Toute la deuxième partie du film est essentiellement procédurale (les plaignants / le juge, l'accusé / le juge, les témoins / le juge) genre que -je ne sais pourquoi- j'affectionne particulièrement, sauf qu'ici, on n'est pas dans La défense Lincoln (le système judiciaire iranien semble plus rustique -on peut s'en remettre au juge mais il semble aussi qu'on peut se mettre d'accord directement pour retirer sa plainte contre un tas de pépettes),et, spectateur, on se sent d'emblée à l'étroit, mal à l'aise, dans cette pièce minuscule remplie de tant de gens (dont certains font tant de bruit...). Car le réalisateur affectionne visiblement les intérieurs, les huis-clos, les espaces réduits, sans tomber dans la théâtralisation, tant il reste près de ses personnages, simplement, à l'affût de chaque frémissement, de chaque réaction.

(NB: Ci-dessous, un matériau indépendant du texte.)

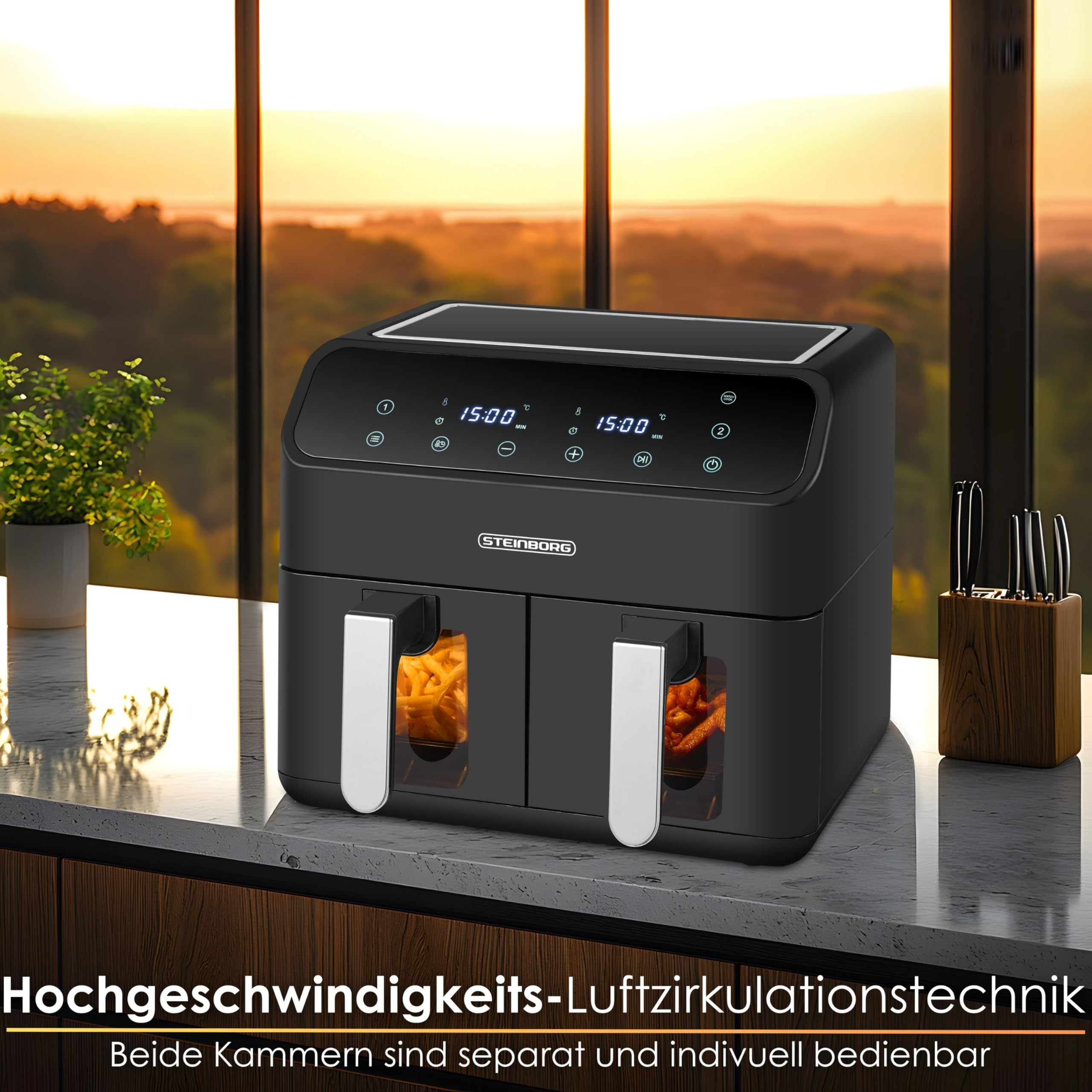 Heißluftfritteuse 2 Kammern 8 Liter Heissluftfritteuse Fritteuse Grillen Backen Dörren Dörrautomat Frittieren XXL Air Fryer Friteuse ohne Öl Heißluftofen Heißluftgrill 4 in 1 Mini Backofen 5
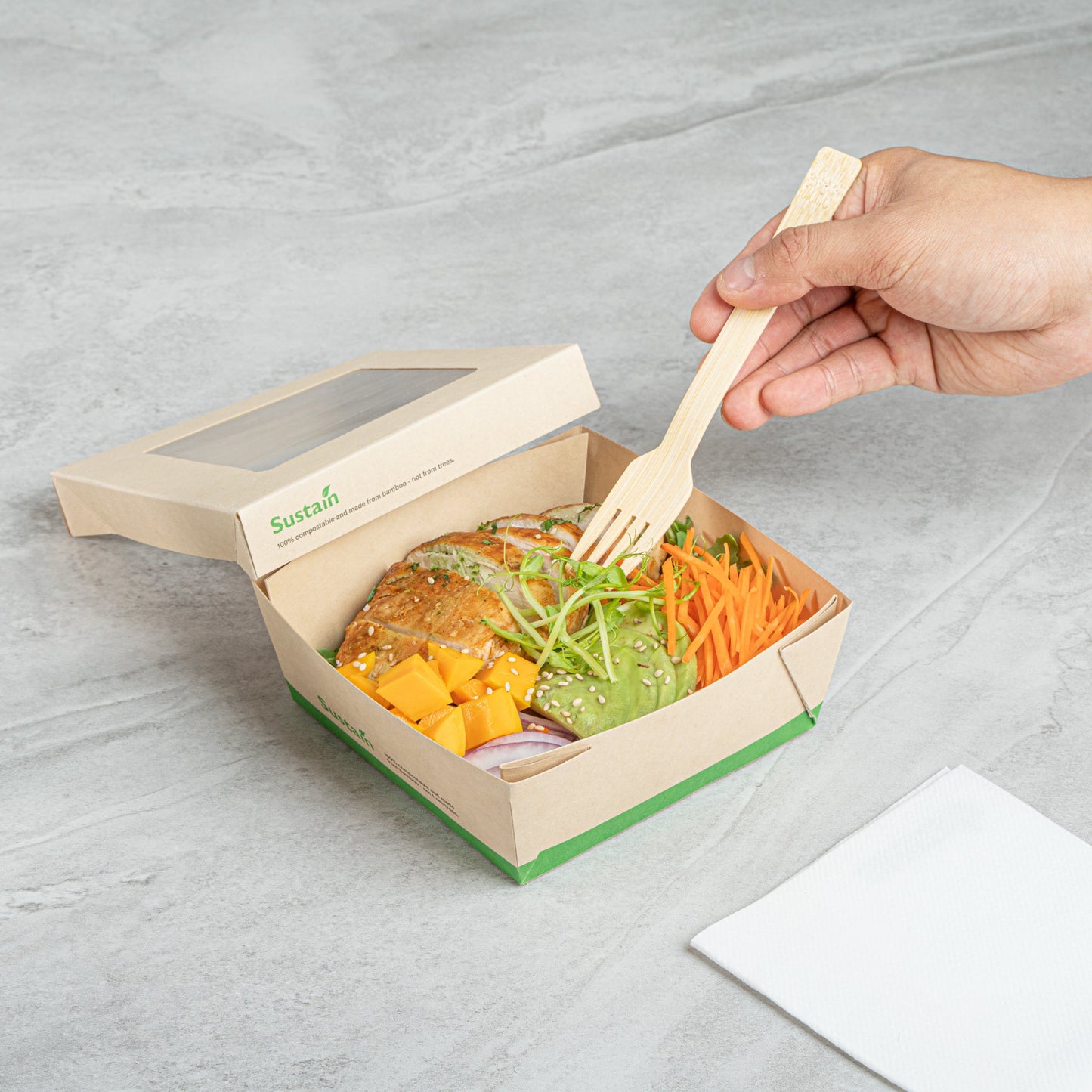 Sustain 27 oz Bamboo Paper Medium Take Out Container - with PLA Lining and Window, Compostable - 5 1/4" x 5 1/4" x 2" - 200 count box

Et on ne peut s'empêcher de s'en poser, justement, des questions, et de changer d'opinion régulièrement à propos des personnages (comme je l'ai dit, personne n'est tout à fait blanc, ni tout à fait noir.) Et le réalisateur parvient même à glisser quelques allusions (il ne serait pas forcément facile de vivre en Iran...) en enfonçant encore une fois le clou à propos du poids (et c'est rien de le dire) de la religion, des coutumes et des traditions, qu'elles soient sociales ou familiales, du choc entre entre les différentes classes, et de l'impossiblité, en fin de compte, de régler tout ça parfaitement, en son âme et conscience, se payant le luxe, dans un très beau plan final, de laisser en suspens la question à laquelle tout autre mélodramatiste aurait cru bon de devoir répondre pour que, justement, le spectateur s'en aille un peu rassuré. Ce qu'il ne sera pas.
Du très beau travail, décidément.
Et j'apprend que les deux films précédents d'Ashgar Farhadi ressortent très prochainement en salle (décidément, voici un distributeur et/ou une attachée de presse qui font un boulot du tonnerre!)